Marc Edwards

No. 44, 49
- Position: Fullback

Personal information
- Born: November 17, 1974 (age 51) Cincinnati, Ohio, U.S.
- Listed height: 6 ft 0 in (1.83 m)
- Listed weight: 249 lb (113 kg)

Career information
- High school: Norwood (Norwood, Ohio)
- College: Notre Dame
- NFL draft: 1997: 2nd round, 55th overall pick

Career history
- San Francisco 49ers (1997–1998); Cleveland Browns (1999–2000); New England Patriots (2001–2002); Jacksonville Jaguars (2003–2004); Chicago Bears (2005);

Awards and highlights
- Super Bowl champion (XXXVI);

Career NFL statistics
- Rushing yards: 405
- Rushing average: 3.3
- Receptions: 167
- Receiving yards: 1,301
- Total touchdowns: 13
- Stats at Pro Football Reference

= Marc Edwards (American football) =

American football player (born 1974)

Marc Alexander Edwards (born November 17, 1974) is an American former professional football player who was a fullback in the National Football League (NFL) for nine years from 1997 to 2005.

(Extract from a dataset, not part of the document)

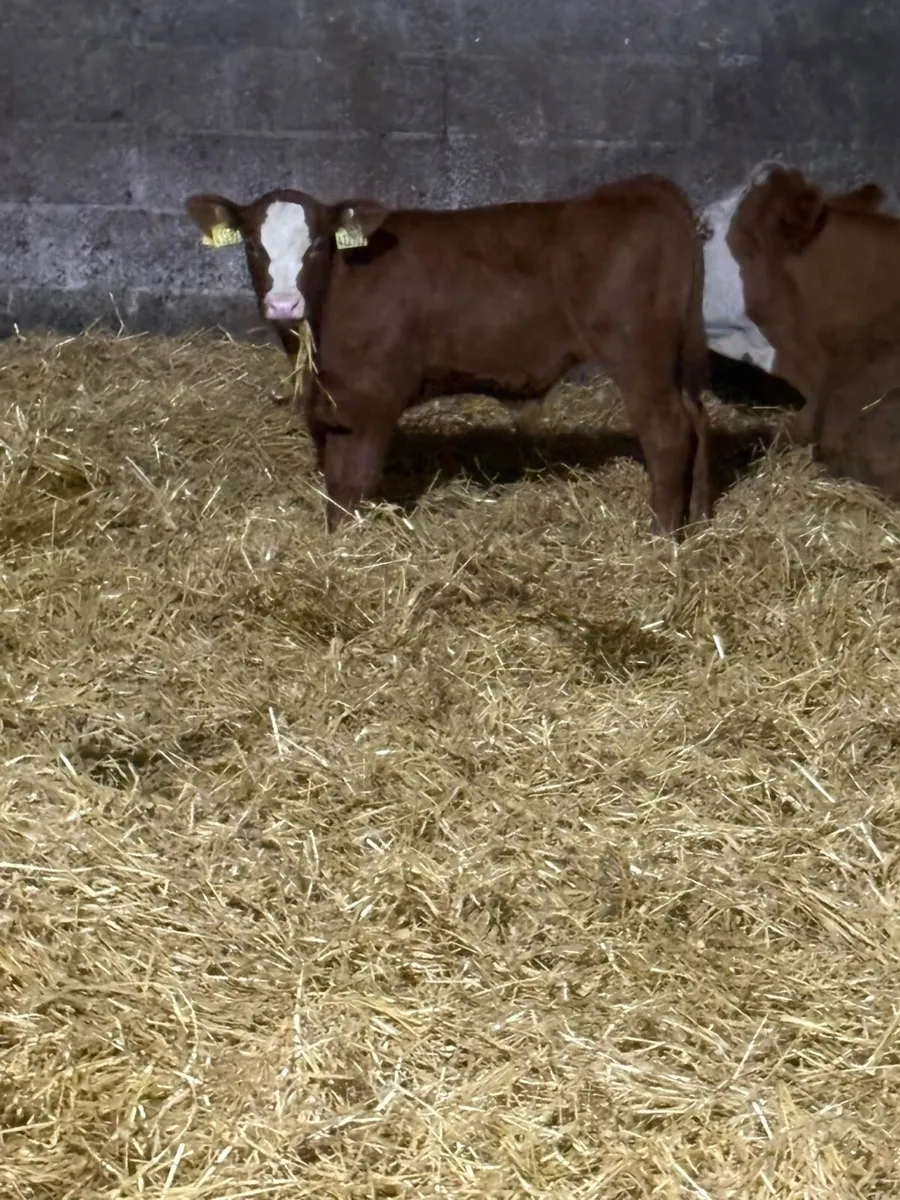 Cows with calves at foot - Image 3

Edwards attended Norwood High School in Norwood, Ohio, and started at middle linebacker on the school's football team alongside Robert Bales, whom he replaced as the team's starting middle linebacker as a freshman star.

Edwards was named Ohio's Mr. Football in 1992 as the state's top player. He played college football for the Notre Dame Fighting Irish. Following his team's upset win over the No. 5-ranked USC Trojans on October 21, 1995, Edwards became the second Fighting Irish player ever to be carried off the field by his teammates; the first was Daniel E. "Rudy" Ruettiger in 1975. Edwards's senior year he was picked as a team captain at Notre Dame.

Edwards was selected by the San Francisco 49ers in the second round of the 1997 NFL draft with the 55th overall pick. After two years in San Francisco, Edwards played the following two years for the Cleveland Browns from 1999 to 2000. He has also played for the New England Patriots from 2001 to 2002, winning Super Bowl XXXVI, and the Jacksonville Jaguars from 2003 to 2004. Edwards's high school retired his No. 44 Jersey on September 11, 2009. In October 2010, a book by Aaron M. Smith about Edwards's life, Odyssey: From Blue Collar, Ohio To Super Bowl Champion, was published.